* PROVIDED DATA *

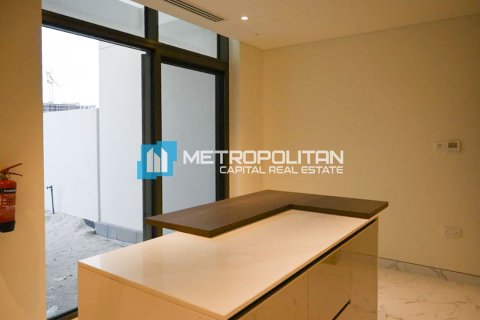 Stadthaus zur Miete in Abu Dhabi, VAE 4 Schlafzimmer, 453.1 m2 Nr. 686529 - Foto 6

...

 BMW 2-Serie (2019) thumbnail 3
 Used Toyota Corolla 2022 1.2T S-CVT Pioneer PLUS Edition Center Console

--

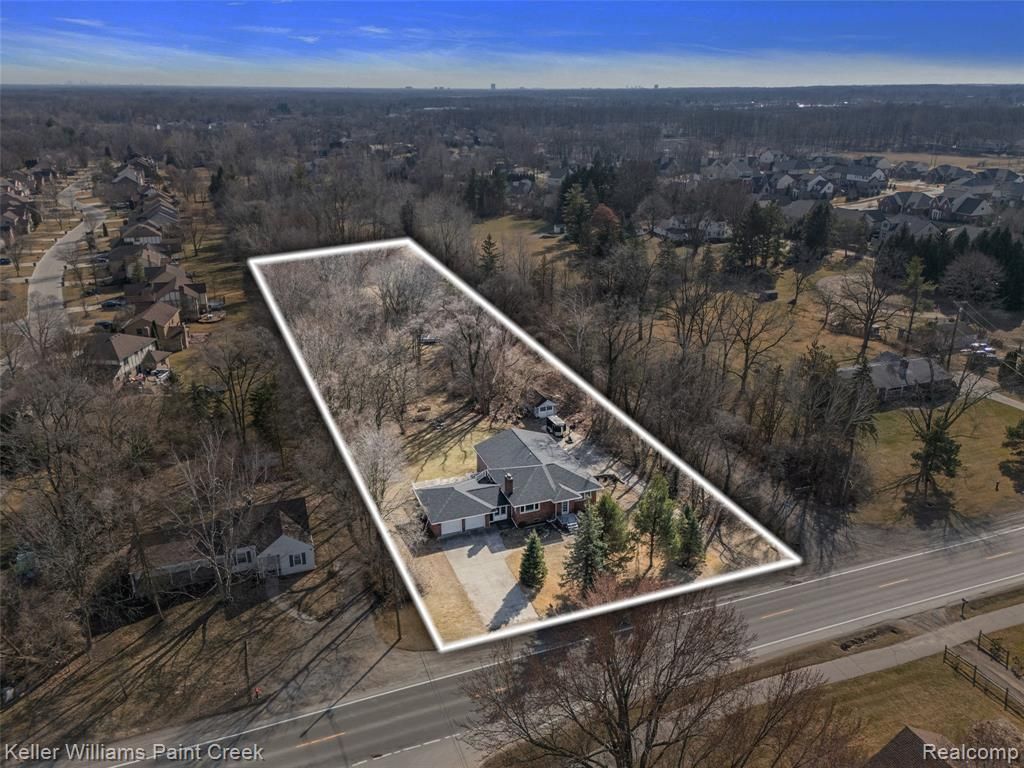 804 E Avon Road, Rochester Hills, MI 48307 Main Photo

* WORK REQUIRED *
Would you retype the lines above from the one with "BMW 2-Serie (2019) thumbnail 3" down to the one with "Used Toyota Corolla", word for word, both ends included and no other lines?

* THE COMPLETED TASK *
 BMW 2-Serie (2019) thumbnail 3
 Used Toyota Corolla 2022 1.2T S-CVT Pioneer PLUS Edition Center Console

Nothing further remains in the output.